How the credit is calculated
The credit comes in the form of a non-refundable tax credit calculated essentially as follows (some adjustments may be required for certain tax situations):
- Take the taxable income of the two spouses from line 260 of the T1, and transfer 50% of the difference between the two amounts, to a maximum of $50,000, from the highest to the lowest.
- Calculate what tax would be paid by each on their adjusted taxable income, totalling the two.
- Next, compare the revised total against the total of what was calculated before splitting.
- The difference, to a maximum of $2,000, is the Family Tax Cut credit that only one of the two spouses can claim against their tax payable.
TaxCycle will automatically calculate the best result for your clients, with its optimizations working in the background to re-evaluate if a credit is available, and which spouse is best to claim it, as you work through the return.
Conditions of eligibility
There are certain conditions to meet to be eligible to the credit. You can obtain more information about these and other details from the CRA Family Tax Cut page.
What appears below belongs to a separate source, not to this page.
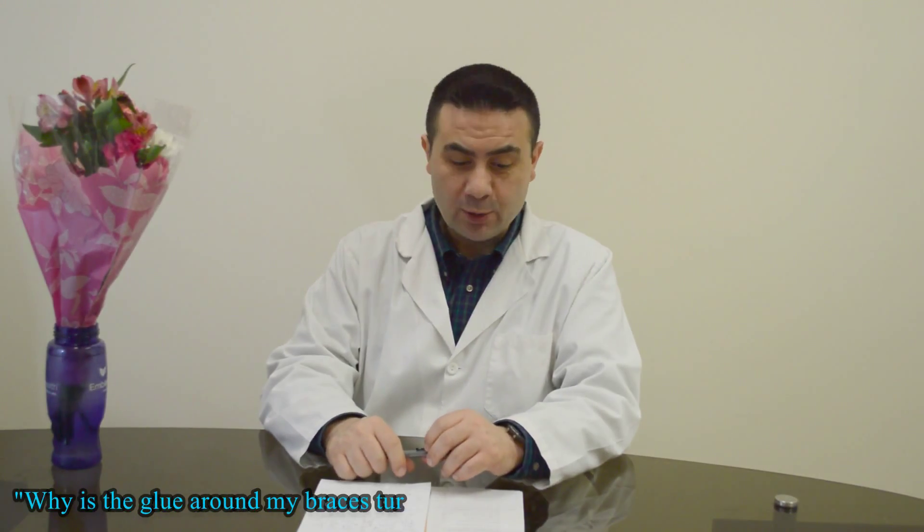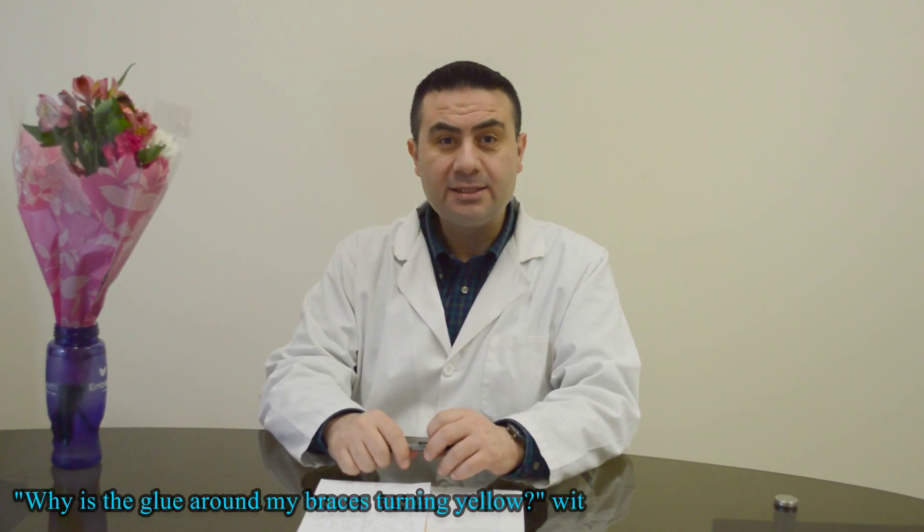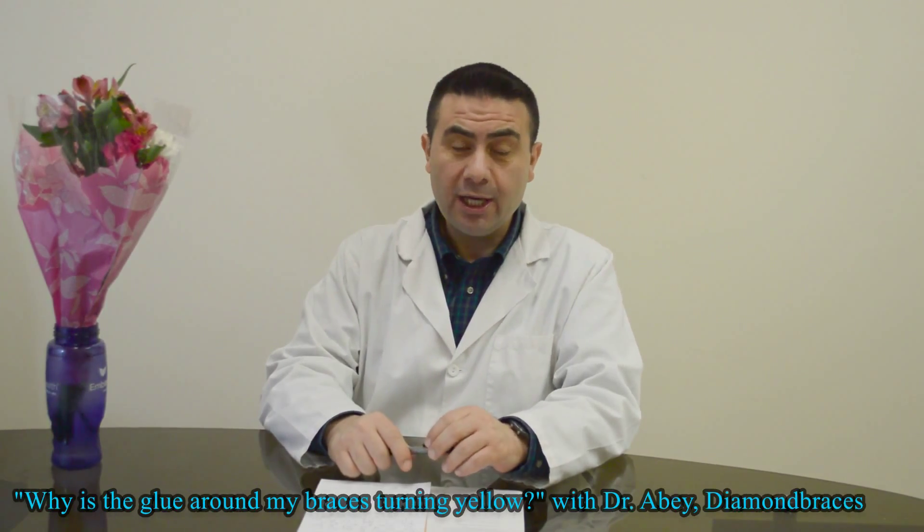Hi, my name is Dr. Abe, and I'm here to answer your question: Why is the glue around my braces turning yellow?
Or, from the Department of Finance backgrounder on the Family Tax Cut.
Enhanced UCCB benefits
Along with the Family Tax Cut, the government announced an increase and enhancement of the Universal Child Care Benefit (UCCB), effective January, 2015:
- The $100 per month payment for children under 6 will increase to $160
- Parents of children from 6 to 17 years of age will receive a monthly payment of $60.
- The additional $60 for children under 18 will replace the Amount for children born in 1997 or later. This amount will still be claimed on 2014 tax returns, but will not on 2015 tax returns.
- Essentially, the Amount for children born in 1997 or later is being converted into an amount paid every month via the UCCB. This conversion also offers families more money than the old amount, which would likely have been $2,293 for 2015, resulting a 15% credit of $344. The new UCCB payments will provide $720 ($60 times 12) for the year. Although, the UCCB is taxable, so the net benefit will depend on the taxpayers' situation.
TaxCycle will calculate the estimated enhanced UCCB payments when you prepare your client's 2014 tax returns for you, so you can inform them of the amounts they will receive from July 2015 onwards.
Increased child care expense limits
The government also announced an increase of $1,000 to each of the limits for child care expenses effective for 2015 and subsequent years. The calculation of the basic limit in Part B of the T778 will now use $8,000 for each child under 7, $5,000 for children ages 7 to 16, and $11,000 for children for whom the Disability amount can be claimed.